Plaintiffs further argue that the copying charges sought by defendants were "not necessarily obtained for use in the case." However, the defendants obtained these copies in order to analyze the paper trails relevant to the claims of plaintiffs and the preparation of preliminary motions, including defendants' motion to dismiss for lack of jurisdiction or change of venue. The court finds that these costs for copies were "necessarily obtained for use in the case" and thus were properly included. See Vornado Air Circulation v. Duracraft Corp., No. 92-1543-WEB, 1995 WL 794070, at *3 (D. Kan. 1995).
Plaintiffs also allege that defendants seek to recover $272.24 for copying and binding of defendants' appellate brief although the costs were included in attorney's fees rendered by counsel and were not separately compensable items. Defendants argue that they have not submitted copying costs that were included within the hourly rate fee charged to the clients. The court finds that these costs were properly included as defendants note that a charge is not billed to a client if the copy task involves less than fifty pages because these costs are included in the attorney's hourly rate. However, defendants note, the billing statements note that other "in-house" copying charges are billed to the client and were in fact paid by the clients in this case. Therefore, the costs were properly included.

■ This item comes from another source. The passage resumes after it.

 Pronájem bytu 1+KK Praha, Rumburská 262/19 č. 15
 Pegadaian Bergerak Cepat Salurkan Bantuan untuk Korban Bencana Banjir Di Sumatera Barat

Finally, plaintiffs argue that due to the parties' planning conference, in which the parties agreed that "copies of the various documents described in the parties' respective Rule 26(a)(1) disclosures shall be exchanged by December 3, 2004," voluntary production of copies should preclude defendants from seeking to recoup these costs. However, the court finds this argument unpersuasive. The court agrees with defendants who note that when a document is needed, the document is pulled from the database of records and is photocopied. The second copying is indeed necessary and is reasonable.
B. Photocopying Costs — Performed In House and Billed to Client :
Plaintiffs argue that these costs should be excluded because they should be considered a part of defendants' attorneys' fees. The court finds that these costs were properly included because the costs reflect in-house copying charges that were billed to the client. IV. Clerk Fees :
Plaintiffs argue that the clerk allowed defendants a $50.00 admission fee which should be excluded because defendants cannot demonstrate that it was necessary to employ counsel outside the state of Kansas. The court finds that the fee was properly recoverable because the fees were necessarily incurred in order to appear and defend the claims filed by plaintiffs. See 28 U.S.C. § 1920(1); Burton v. R.J. Reynolds Tobacco Co., 395 F. Supp. 2d 1065 (D. Kan. 2005).
IT IS ACCORDINGLY ORDERED this 26th day of February, 2007, that plaintiffs' motion to retax costs (Dkt. No. 144) is denied.